Hal ini diperjelas oleh Direktur Eksekutif Formappi I Made Leo Wiratma dalam kesempatan yang sama. Made berharap, jangan sampai ada oknum dari pihak paslon 02 yang justru memberikan 'lampu hijau' pada aksi massa di MK.
"Kalau mereka [oknum dari pihak 02] juga turun, itu susah kalau kita bilang kelompok di luar kendali 02," jelas Made.
Sementara itu, Pakar Hukum Tata Negara Bivitri Susanti meyakini bahwa 9 Hakim MK akan mengedepankan netralitas. Sehingga, adanya aksi massa di luar tak akan berpengaruh pada hasil keputusan. Terpenting, pihak keamanan tetap bersiap mengamankan jalannya sidang di dalam MK.
Bivitri berharap sidang perdana sengketa Pilpres nanti bisa menjadi pembelajaran dalam ranah sengketa pemilu Tanah Air. Sebab, permohonan yang diajukan Tim Hukum BPN terbilang baru dan segar.
"Hakim MK 9 orang dipilih oleh DPR, Mahkamah Agung (MA), dan pemerintah. Banyak studi, model MK seperti ini kecendrungannya netral. Tekanan massa tidak akan berpengaruh kok," jelas Bivitri.

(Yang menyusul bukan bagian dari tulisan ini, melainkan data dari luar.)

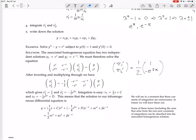Integrate both: the integral of 1/2 is x/2 + c, and the integral of −(1/2)e^(2x) is −(1/4)e^(2x) + d. The solution is then v1·y1 + v2·y2 plus the homogeneous part. The constants c and d from integration introduce e^x and e^(−x) terms that can be absorbed into the homogeneous constants.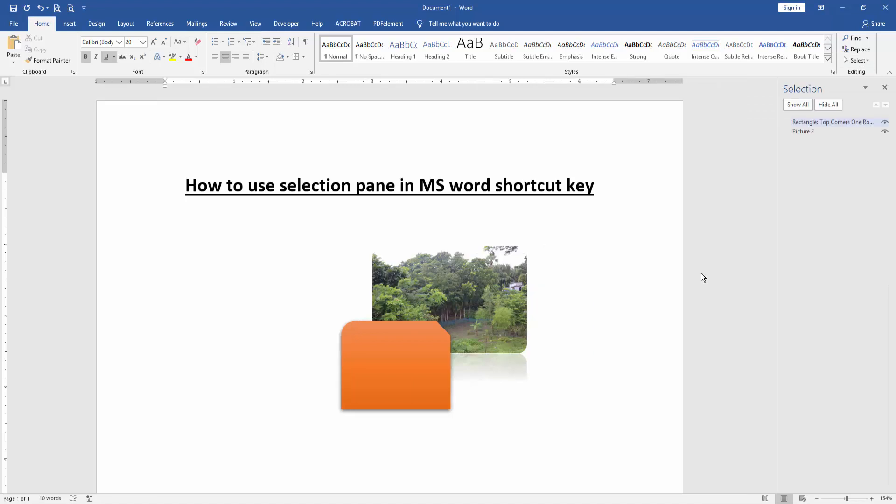Now we can see here open the selection pane. Then you can use down arrow or up arrow to select any object. Then press ENTER on our keyboard to select an object.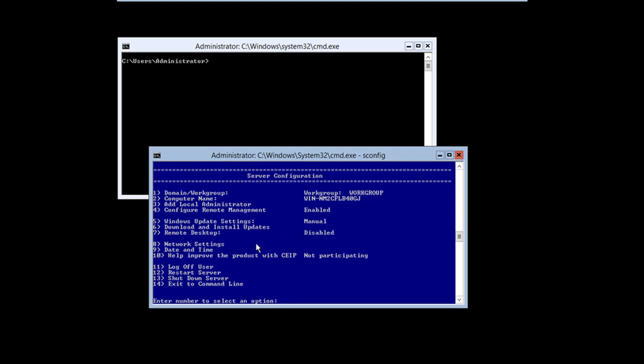You can set your network settings in here, date and time, log off, restart the server, shut down, and of course perform other commands up here, even Hyper-V administration commands. But it's not going to be very fun to administer this server completely from the command line.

"Terakhir, apakah berarti KPU innocent? Tidak juga. Tak ada pemilu yang sempurna. Namanya juga demokrasi prosedural yang dibuat manusia, bukan dewa. MK tempatnya untuk menentukan hasil pemilu itu, asalkan persidangan berjalan dengan baik dan lancar," tambahnya.

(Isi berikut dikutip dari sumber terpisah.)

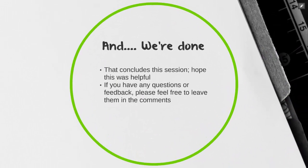And we're done! That concludes the session. Hope this was helpful. If you have any questions or feedback, please feel free to leave them in the comments. And don't forget to subscribe.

Dalam diskusi ini, turut hadir peneliti Kode Inisiatif Veri Junaidi, peneliti The Indonesian Institute Muhammad Aulia Y Guzasiah, Direktur Eksekutif Para Syindicate Ary Nurcahyo, Pengamat Politik dari Masyarakat Madani untuk Oposisi Indonesia Ray Rangkuti, serta peneliti Formappi Lucius Karus.